That's erroneously contradicted by https://books.google.com/books?id=pQXSBwAAQBAJ&pg=PA54 where Peres states his "G* Strong superposition principle. Any orthogonal basis represents a realizable maximal test." It's realizable that's the key word here.
There are an uncountably infinite number of possible orthogonal bases (an elementary fact from functional analysis), but only a countably infinite number of constructible test apparatus (there are several references about that, but I'm not offhand finding them). And that boils down to the existence of states that can neither be prepared nor tested for (contrary to Peres). And, like I parenthetically mentioned, I know I've read several such references, and will edit this to cite them if I come across them.

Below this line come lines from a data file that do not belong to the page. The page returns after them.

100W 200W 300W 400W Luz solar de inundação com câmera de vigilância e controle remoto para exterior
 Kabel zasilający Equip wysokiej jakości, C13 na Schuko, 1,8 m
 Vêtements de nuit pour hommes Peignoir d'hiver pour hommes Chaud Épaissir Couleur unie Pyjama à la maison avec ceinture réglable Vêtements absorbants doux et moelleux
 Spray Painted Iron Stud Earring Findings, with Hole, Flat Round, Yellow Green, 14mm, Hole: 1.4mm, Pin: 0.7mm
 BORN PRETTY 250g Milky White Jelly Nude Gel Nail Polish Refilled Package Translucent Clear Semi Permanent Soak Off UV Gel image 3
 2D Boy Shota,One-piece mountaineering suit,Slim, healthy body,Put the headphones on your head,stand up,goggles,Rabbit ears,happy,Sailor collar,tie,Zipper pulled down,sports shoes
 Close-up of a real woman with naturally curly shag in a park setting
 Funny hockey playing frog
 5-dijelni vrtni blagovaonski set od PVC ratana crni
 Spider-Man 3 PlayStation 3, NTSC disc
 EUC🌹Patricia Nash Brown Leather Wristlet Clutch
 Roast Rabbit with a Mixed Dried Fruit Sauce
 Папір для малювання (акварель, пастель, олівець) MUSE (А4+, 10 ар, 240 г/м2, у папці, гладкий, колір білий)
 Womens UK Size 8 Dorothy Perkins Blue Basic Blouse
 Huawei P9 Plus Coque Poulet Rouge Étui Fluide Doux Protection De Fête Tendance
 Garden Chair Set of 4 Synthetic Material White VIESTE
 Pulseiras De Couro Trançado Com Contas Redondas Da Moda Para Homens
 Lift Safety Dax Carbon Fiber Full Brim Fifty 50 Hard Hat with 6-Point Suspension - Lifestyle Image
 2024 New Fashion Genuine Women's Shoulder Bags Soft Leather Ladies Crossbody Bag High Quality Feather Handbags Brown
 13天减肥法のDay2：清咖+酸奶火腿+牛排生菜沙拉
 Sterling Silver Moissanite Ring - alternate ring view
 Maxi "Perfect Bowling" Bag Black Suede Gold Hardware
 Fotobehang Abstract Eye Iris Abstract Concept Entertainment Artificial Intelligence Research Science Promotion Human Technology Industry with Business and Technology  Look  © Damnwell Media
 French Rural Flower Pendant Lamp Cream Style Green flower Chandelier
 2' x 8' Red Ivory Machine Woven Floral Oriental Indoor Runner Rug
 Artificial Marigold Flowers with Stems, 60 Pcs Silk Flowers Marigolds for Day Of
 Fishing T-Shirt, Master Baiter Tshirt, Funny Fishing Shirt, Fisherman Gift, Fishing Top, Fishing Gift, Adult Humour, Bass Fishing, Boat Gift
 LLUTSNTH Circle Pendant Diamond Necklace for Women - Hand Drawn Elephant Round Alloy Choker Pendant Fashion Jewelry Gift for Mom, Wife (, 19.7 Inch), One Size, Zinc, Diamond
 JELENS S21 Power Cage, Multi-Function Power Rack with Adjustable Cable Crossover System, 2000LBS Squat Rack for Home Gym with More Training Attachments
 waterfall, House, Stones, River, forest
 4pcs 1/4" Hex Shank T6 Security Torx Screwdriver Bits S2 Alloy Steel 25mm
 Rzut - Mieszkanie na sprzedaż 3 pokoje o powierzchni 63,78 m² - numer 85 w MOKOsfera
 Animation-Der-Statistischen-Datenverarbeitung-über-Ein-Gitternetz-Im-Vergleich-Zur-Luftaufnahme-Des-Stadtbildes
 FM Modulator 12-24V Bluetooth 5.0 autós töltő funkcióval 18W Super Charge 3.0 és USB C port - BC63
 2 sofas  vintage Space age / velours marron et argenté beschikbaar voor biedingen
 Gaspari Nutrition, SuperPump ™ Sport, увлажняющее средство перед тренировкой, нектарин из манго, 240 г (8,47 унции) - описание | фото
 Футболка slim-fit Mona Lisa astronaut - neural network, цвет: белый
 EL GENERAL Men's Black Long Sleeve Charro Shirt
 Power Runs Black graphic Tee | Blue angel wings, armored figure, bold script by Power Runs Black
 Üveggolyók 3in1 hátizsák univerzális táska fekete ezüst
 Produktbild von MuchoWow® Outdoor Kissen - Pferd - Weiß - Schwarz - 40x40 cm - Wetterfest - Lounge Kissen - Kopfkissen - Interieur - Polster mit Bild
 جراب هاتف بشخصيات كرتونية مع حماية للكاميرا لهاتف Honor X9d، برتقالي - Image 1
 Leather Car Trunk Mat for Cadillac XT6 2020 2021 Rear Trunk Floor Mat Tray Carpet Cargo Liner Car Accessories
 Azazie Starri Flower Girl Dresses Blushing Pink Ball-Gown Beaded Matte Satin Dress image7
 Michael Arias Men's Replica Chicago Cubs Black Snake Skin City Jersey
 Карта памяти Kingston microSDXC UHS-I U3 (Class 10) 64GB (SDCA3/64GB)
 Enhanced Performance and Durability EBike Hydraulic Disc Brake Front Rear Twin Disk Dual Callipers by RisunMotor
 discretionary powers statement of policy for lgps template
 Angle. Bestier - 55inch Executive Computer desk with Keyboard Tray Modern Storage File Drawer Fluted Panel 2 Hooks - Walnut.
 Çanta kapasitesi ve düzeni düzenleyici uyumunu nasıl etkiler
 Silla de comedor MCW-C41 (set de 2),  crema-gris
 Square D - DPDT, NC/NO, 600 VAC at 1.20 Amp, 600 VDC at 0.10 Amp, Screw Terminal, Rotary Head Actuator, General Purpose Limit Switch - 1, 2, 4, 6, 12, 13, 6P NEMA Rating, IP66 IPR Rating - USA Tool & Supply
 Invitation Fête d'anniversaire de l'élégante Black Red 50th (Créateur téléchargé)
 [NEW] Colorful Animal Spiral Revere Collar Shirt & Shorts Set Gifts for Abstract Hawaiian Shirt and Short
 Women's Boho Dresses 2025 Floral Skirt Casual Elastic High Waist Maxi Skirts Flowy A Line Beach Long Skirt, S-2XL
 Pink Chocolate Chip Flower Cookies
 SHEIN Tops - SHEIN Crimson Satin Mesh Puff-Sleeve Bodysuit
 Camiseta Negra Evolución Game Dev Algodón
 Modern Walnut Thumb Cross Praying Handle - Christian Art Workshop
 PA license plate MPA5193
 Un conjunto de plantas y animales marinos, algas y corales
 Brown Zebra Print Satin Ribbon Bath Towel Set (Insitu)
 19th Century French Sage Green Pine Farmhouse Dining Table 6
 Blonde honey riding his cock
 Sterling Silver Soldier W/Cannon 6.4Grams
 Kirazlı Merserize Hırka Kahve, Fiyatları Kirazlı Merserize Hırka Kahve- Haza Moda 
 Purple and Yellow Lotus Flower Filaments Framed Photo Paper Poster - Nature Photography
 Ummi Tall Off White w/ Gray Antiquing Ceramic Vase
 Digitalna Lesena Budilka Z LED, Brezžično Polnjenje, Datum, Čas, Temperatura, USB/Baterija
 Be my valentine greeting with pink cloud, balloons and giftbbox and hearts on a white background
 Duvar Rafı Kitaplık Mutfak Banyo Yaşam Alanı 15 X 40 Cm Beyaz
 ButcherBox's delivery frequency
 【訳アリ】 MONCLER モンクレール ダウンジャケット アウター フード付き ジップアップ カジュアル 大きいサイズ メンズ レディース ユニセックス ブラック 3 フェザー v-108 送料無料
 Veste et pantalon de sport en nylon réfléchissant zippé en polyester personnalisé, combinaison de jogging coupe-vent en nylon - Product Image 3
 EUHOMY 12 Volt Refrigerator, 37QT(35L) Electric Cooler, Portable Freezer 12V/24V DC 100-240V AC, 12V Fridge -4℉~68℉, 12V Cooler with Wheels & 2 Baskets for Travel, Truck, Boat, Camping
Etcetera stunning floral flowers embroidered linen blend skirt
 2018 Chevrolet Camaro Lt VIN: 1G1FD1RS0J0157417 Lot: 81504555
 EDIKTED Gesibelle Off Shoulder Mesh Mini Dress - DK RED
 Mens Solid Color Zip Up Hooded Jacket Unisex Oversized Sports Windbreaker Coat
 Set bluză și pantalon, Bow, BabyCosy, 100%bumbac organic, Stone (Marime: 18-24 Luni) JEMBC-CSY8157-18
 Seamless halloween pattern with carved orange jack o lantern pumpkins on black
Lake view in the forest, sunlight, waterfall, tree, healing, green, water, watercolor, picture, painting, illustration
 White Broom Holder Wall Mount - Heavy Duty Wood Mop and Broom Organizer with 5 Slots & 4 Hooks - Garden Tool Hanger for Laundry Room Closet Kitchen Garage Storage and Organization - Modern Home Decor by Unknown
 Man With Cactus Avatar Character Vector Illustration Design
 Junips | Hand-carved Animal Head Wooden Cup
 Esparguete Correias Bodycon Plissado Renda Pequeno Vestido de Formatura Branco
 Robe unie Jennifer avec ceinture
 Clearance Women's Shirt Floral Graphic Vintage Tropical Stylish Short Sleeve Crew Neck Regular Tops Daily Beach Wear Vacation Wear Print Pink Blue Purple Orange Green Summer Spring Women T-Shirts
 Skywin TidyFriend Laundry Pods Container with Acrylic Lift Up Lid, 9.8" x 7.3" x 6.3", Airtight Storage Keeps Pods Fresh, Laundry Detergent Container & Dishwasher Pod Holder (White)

I'd typically leave it at that, but since this is philosophy rather than physics, I like to more (much more) broadly (and entertainingly) think of the above idea along the lines (perhaps in the spirit) suggested by Jean Giraudoux in The Madwoman of Chaillot (the first sentence is what's directly relevant, the rest icing on the cake),
COUNTESS. [...] are you so stupid as to think that just because we're alone here, there's nobody else in the room? Do you consider us so boring or so respulsive that of all the millions of beings, imaginary or otherwise, who are prowling about in space looking for a little company, there's not one who might possibly enjoy spending a moment with us? On the contrary, my dear -- my house is full of guests, always. They know that here, at least is one place in the universe where they can come when they're lonely and be sure of a welcome and a pleasant hour. And for my part, I'm delighted to have them.